B.v. Je moet niet te veel van je  privéleven prijs geven op facebook. Iets dergelijks is zonder meer gevaarlijk. = zoiets


Maar "Iets dergelijks" kan ook iets gelijkaardigs betekenen. Je moet het zien in de context. Het blijft DUBBELZINNIG.
B.v.  het Van Dale voorbeeld: "•deze en dergelijke redenen" = deze en gelijkaardige redenen.

En natuurlijk in O.I.D:
" Ik zoek een kleine camper of iets dergelijks"  = of iets gelijkaardig, soortgelijk.
Synoniem: "of zo"...


----------



## bibibiben

_Soortgelijk_ en _gelijksoortig_ klinken mij in de zin van lukaa18 ook niet juist in de oren.

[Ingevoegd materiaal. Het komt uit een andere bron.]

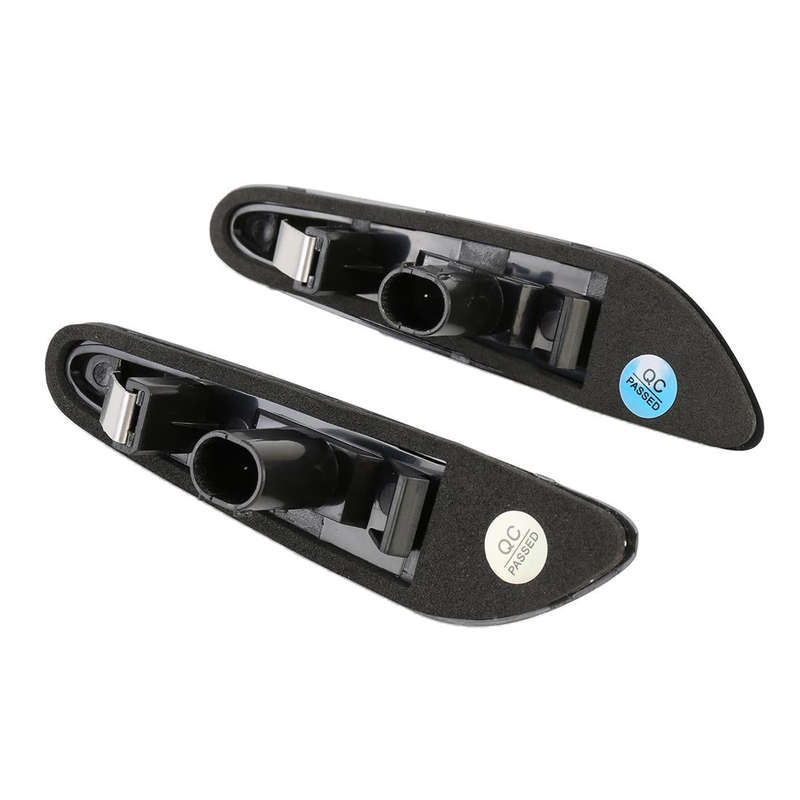 2 PCS D12V / 5W Car LED Dynamic Blinker Side Lights Flowing Water Turn Signal Light for BMW, Yell...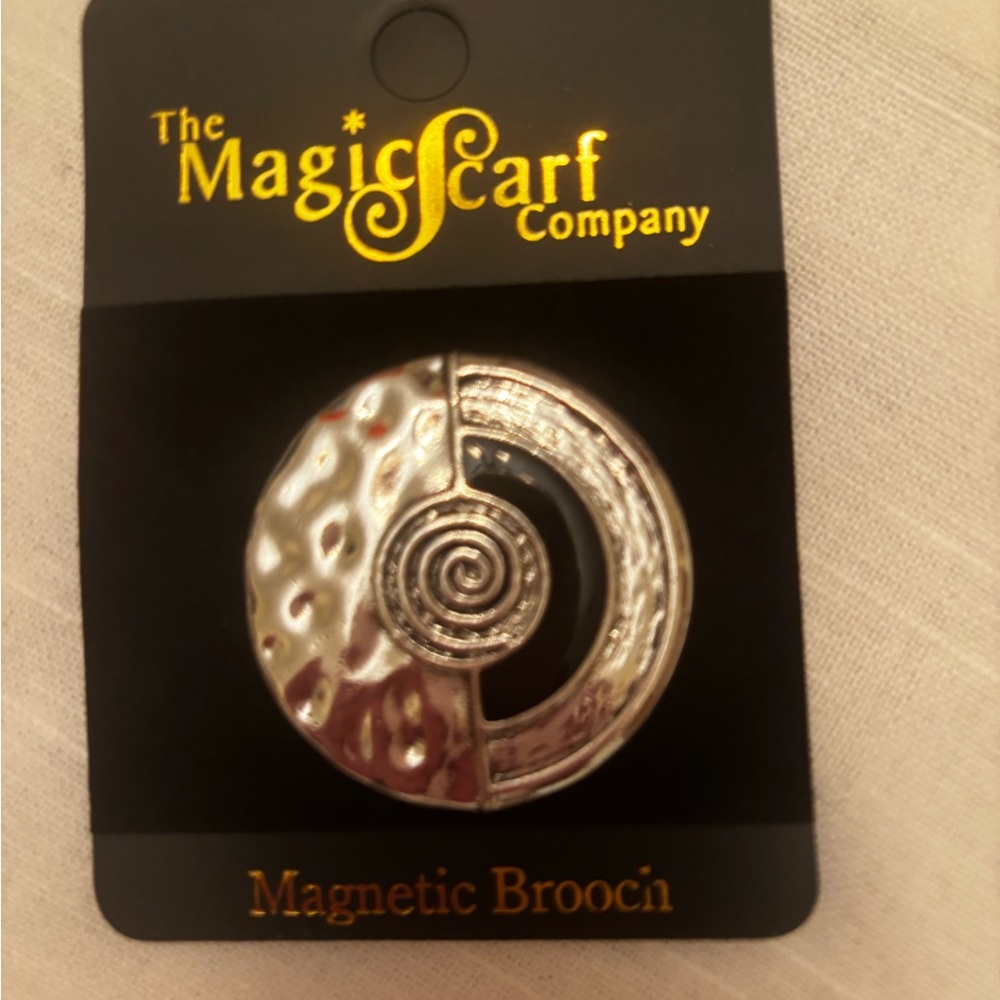 Spiral Silver Swirl Magnetic Brooch - Picture 2 of 3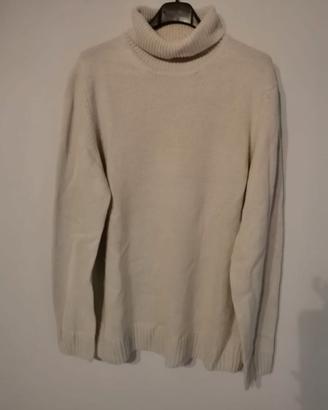 Maglione uomo beige dolcevita con maniche lunghe.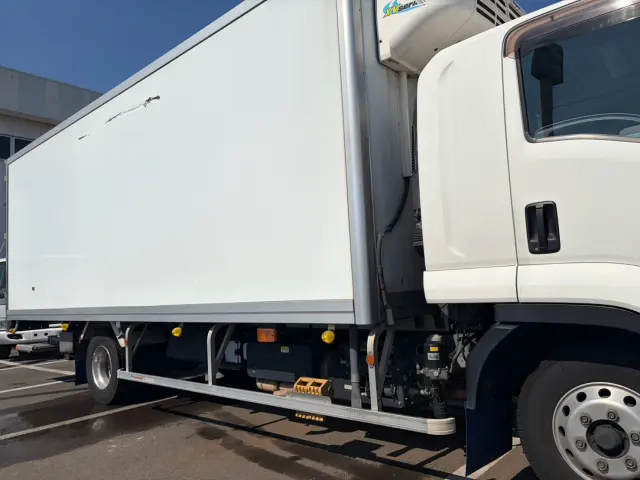 いすゞ フォワード 2PG-FRR90S2(2WD)の写真26
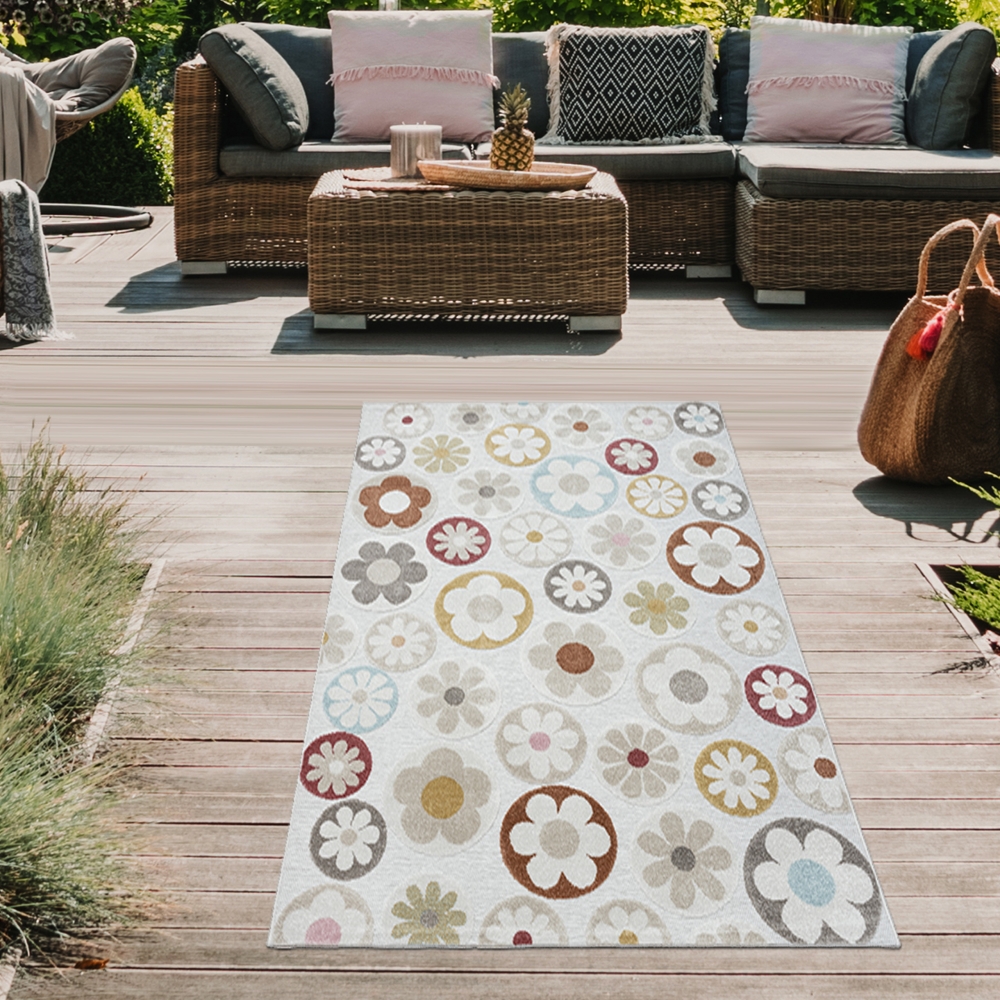 In- und Outdoor Teppich mit floralem Muster für in sanftem Creme und bunten Blumen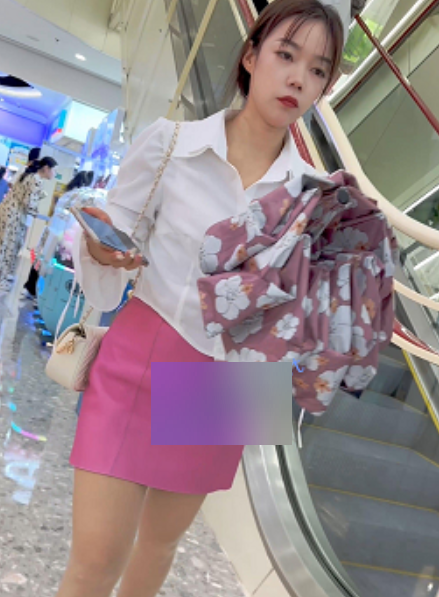 推客秀场热裤女神散步实拍220M精品9段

Het woorddeel _soort _stoort mij. Dat nadeel lijkt _gelijkaardig_ niet te hebben. _Aard _is minder concreet, minder ingevuld zo je wilt, dan _soort_. Maar ja, echt van harte wil je _gelijkaardig_ in de zin van lukaa18 dus ook niet gebruiken ...

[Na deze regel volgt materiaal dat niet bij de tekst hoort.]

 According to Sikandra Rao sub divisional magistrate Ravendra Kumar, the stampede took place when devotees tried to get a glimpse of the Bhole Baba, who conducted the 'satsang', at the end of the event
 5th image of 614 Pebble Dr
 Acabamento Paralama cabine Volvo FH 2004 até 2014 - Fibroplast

_Dergelijk_ heeft inderdaad een afwijkend gebruik en is hier niet als vertaalmogelijkheid in te zetten.


----------



## eno2

Zo'n eenvoudig woordje, "similar". En welke nuances dat geeft. Doet me denken aan een homerische discussie over "wordy"


----------



## Udo

Van het begin aan miste ik een adjectief met betekenis_ ähnlich_ (Duits), _similar_ (Engels), _parecido_ (Spaans), wat blijkbaar in het Nederlands niet bestaat. Je moet de zin hervormen en zeggen "twee dingen lijken op elkaar". "Twee dingen zijn soortgelijk" zou ik echter hiervoor niet gebruiken. Bijvoorbeeld: "De twee zussen van mijn buren zijn helemaal niet soortgelijk." Klinkt tamelijk raar, toch.


----------